In insgesamt zwölf ausführlichen Interviews umkreist der Journalist das Mysterium der Freimaurer bzw. versucht sich diesem anzunähern. Semler, im Brotberuf Unternehmer („Seiden Semler“) und Vorstandsvorsitzender des Trägervereins des Rudolfinerhauses, antwortet ausführlich und klar. Er spricht für 3.800 Freimaurer aus 83 Logen in Österreich – die, so Semler, „weniger konform“ sind, „als die meisten Menschen annehmen würden“. Ein „Sammelbecken für Individualisten“ sei die Freimaurerei. Was ist aber dann das Gemeinsame? Das seien „einige Grundprinzipien“, „der moralische Wertekompass“. Im Prinzip geht es um die Arbeit an sich selbst, das Streben nach moralischer Vervollkommnung.
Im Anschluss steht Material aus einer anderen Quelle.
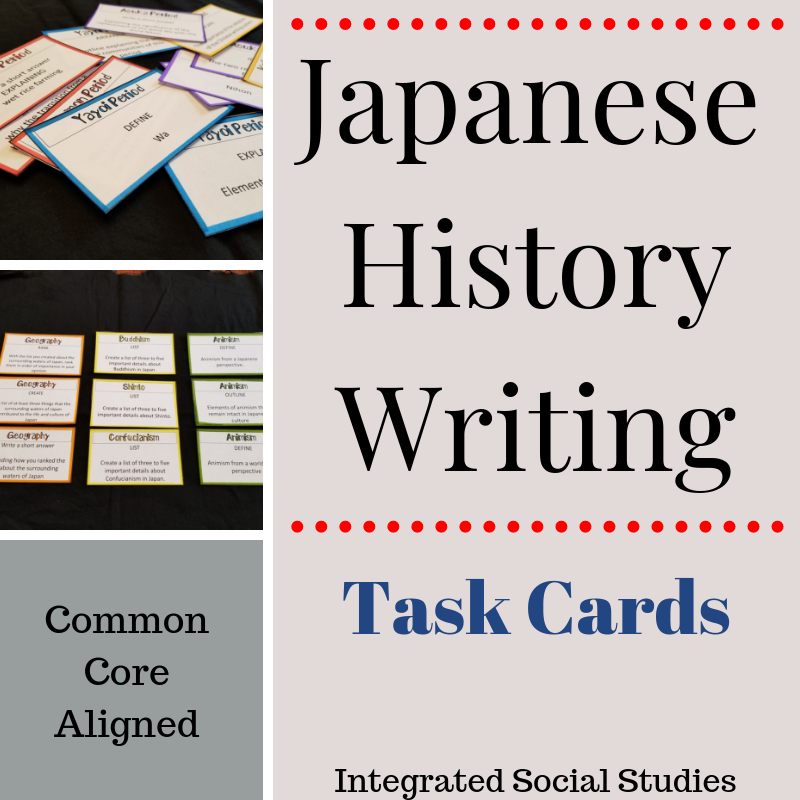 Japanese Writing Task Cards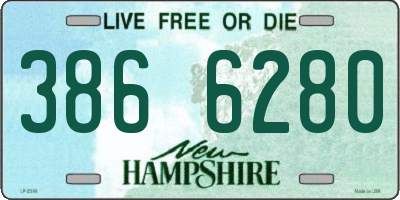 NH license plate 3866280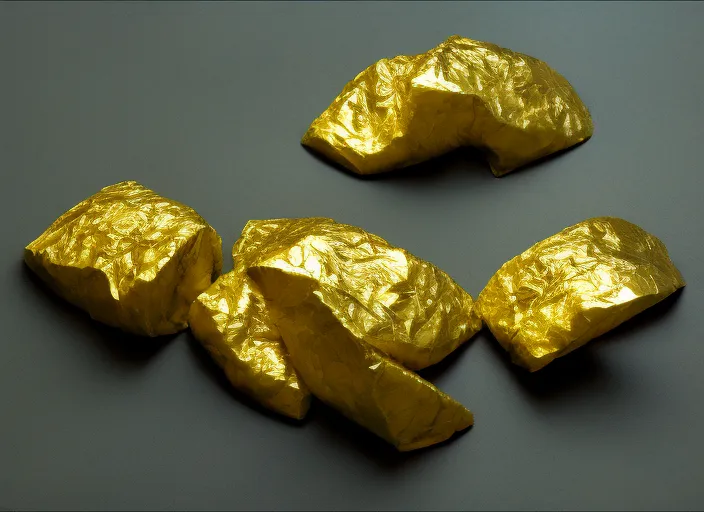 three made of gold 
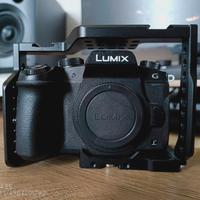 Lumix G80 + dummy battery e cage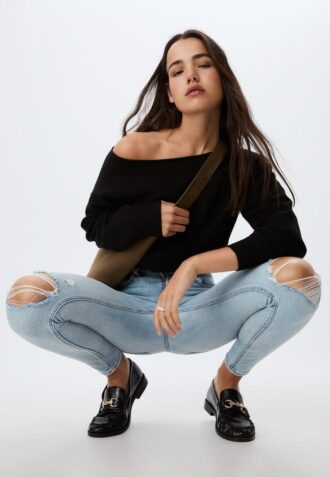 1420 Skinny-Jeans mit niedriger Taille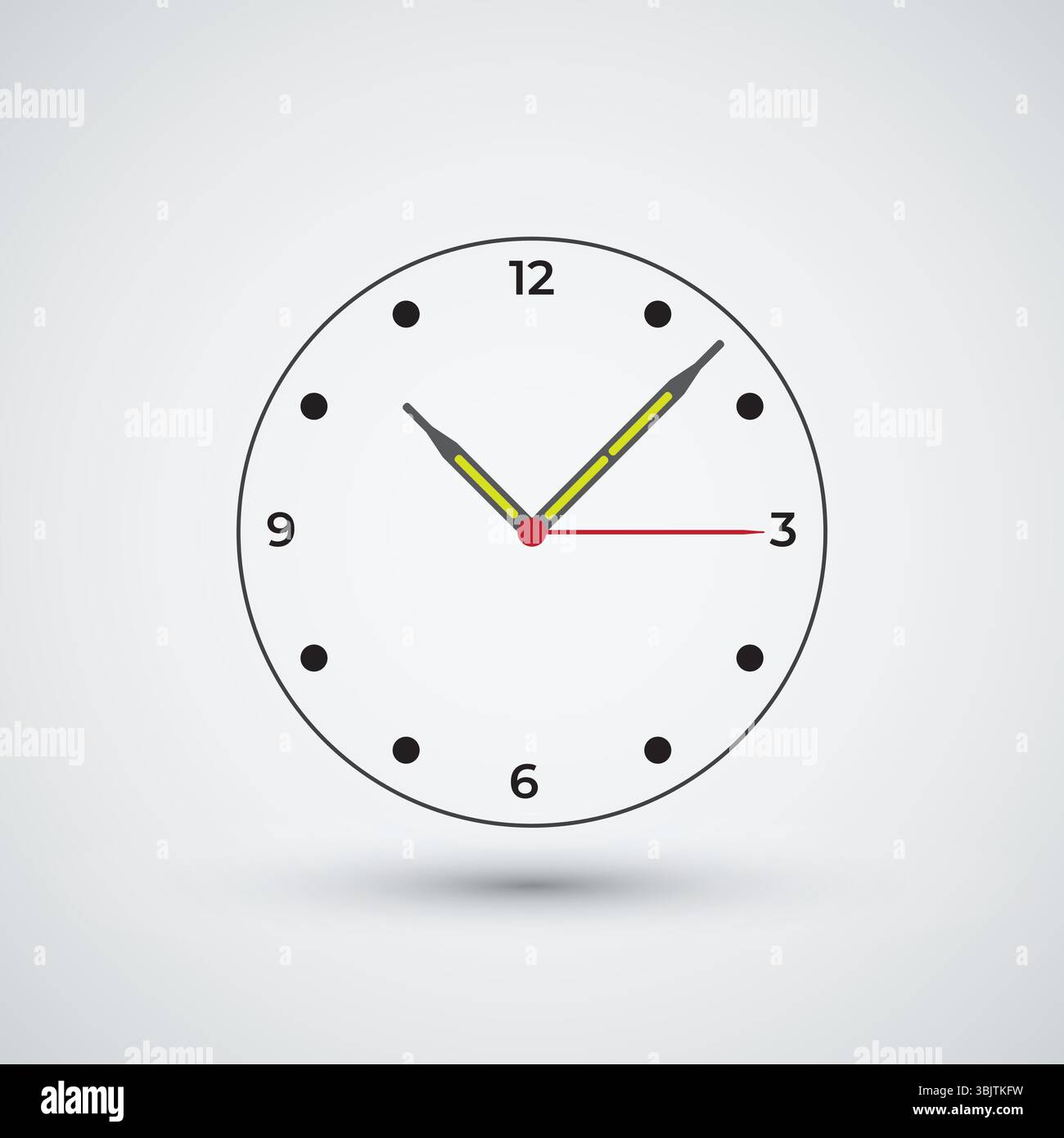 Wall Clock Simple Minimal Vector Logo Design Stock Vector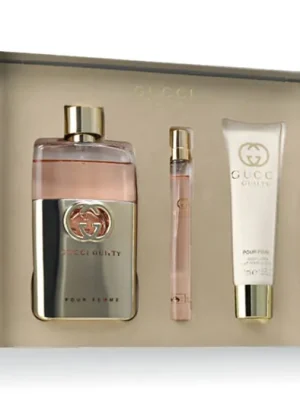 Nejlepší Volba Gucci Guilty Pour Femme EDT 90 ml + EDT MINI 10 ml + BL 50 ml W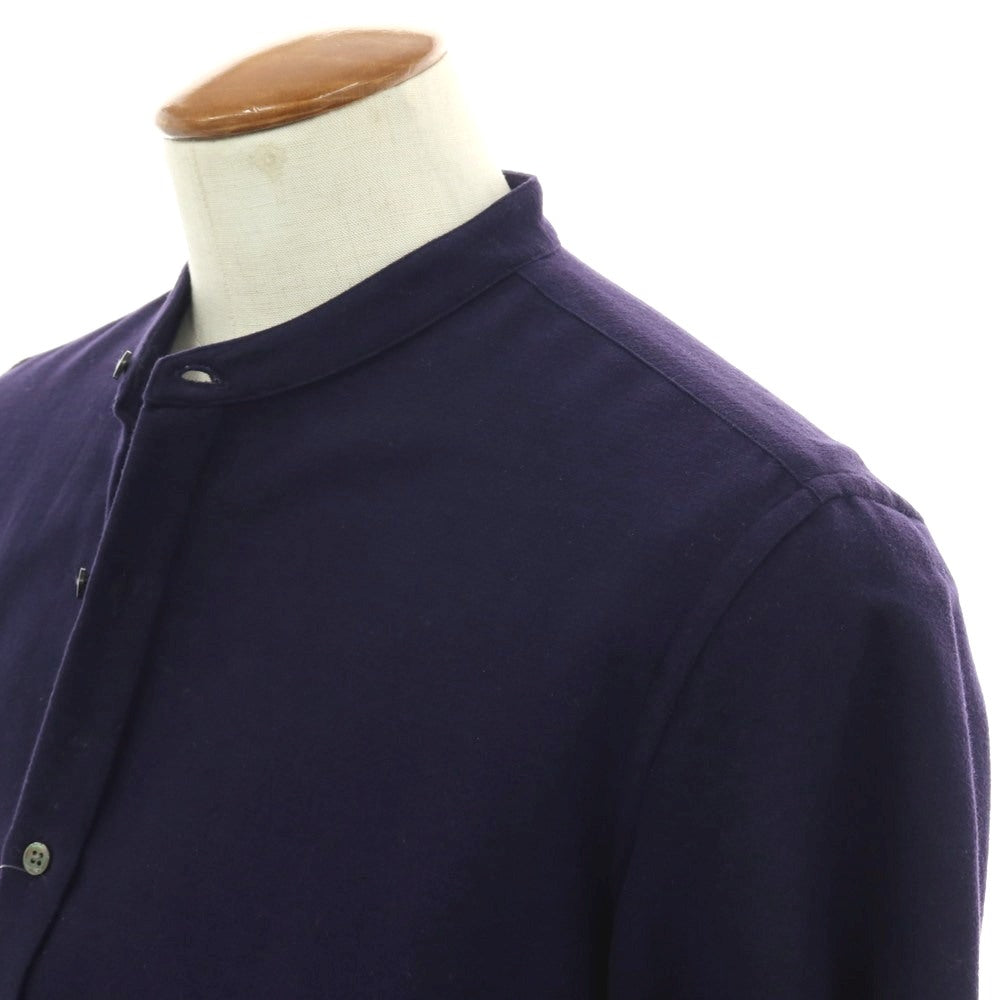 【中古】ダーバン D’URBAN コットン ジャージー バンドカラー カジュアルシャツ ネイビー【サイズM】【 状態ランクB 】【 メンズ 】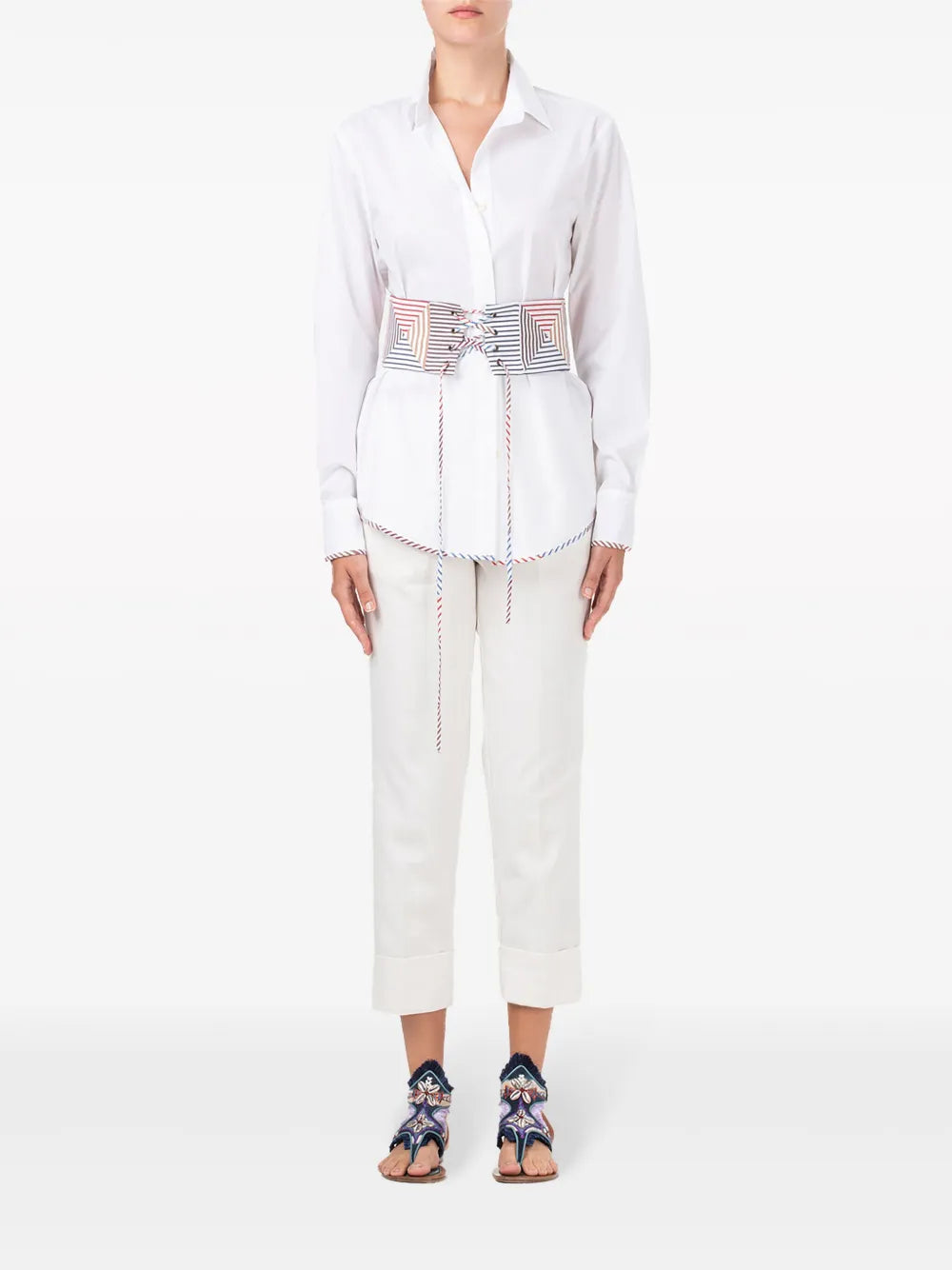 Berenice Belted Cotton Shirt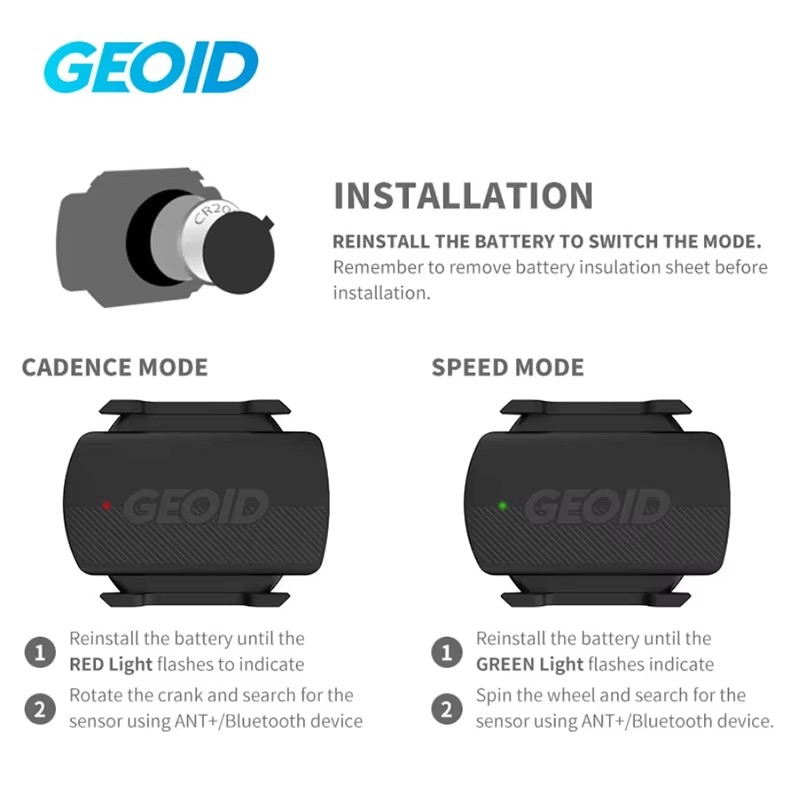 เซ็นเซอร์วัดความเร็วและรอบขาจั - Bike Speedometer บทวิจารณ์และราคา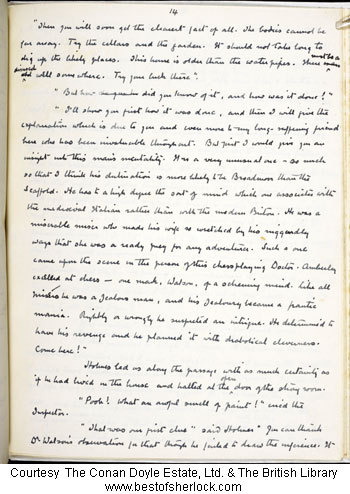 bakerstreetbabes:fuckyeahmanuscripts:Manuscript for Sir Arthur Conan Doyle’s The Case Book of Sherlo
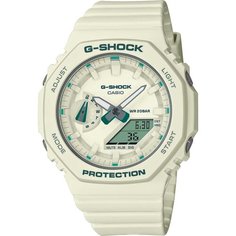 Наручные часы CASIO G-Shock GMA-S2100GA-7A, бежевый, белый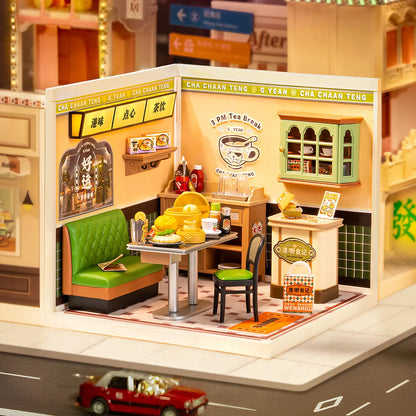 Rolife Hong Kong Bites Cafe Miniature House 3D Puzzle DIY Model Kit DW021 DW022 DW020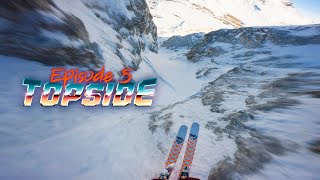 Jumping the crux in The Fingers couloir  Topside episode 5 [upl. by Gievlos883]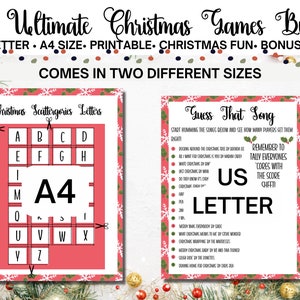 11 Christmas Games Bundle, Christmas Printable Games for Kids and ...
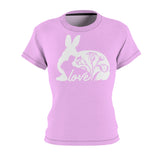 MOTHER BUNNY T-SHIRT (Soft Pink / White)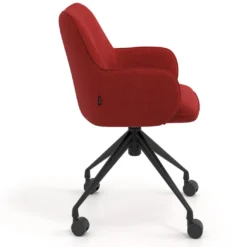 Silla de reuniones con ruedas Gala, estructura giratoria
Konkreter wird es nicht. Kann es vielleicht auch nicht werden. Man ist keine Religion, keine Sekte, natürlich auch keine politische Partei – und, entgegen dem gängigen Klischee: „Wir wollen keine Macht ausüben!“ Genau das werden viele nicht glauben, ist doch die Vorstellung von den Freimaurern eng mit Geheimnistuerei und Drahtziehen im Hintergrund verbunden.
Dem tritt Semler entgegen: Man agiere diskret, nicht geheim – Letzteres bedeute nämlich, dass man etwas zu verbergen habe.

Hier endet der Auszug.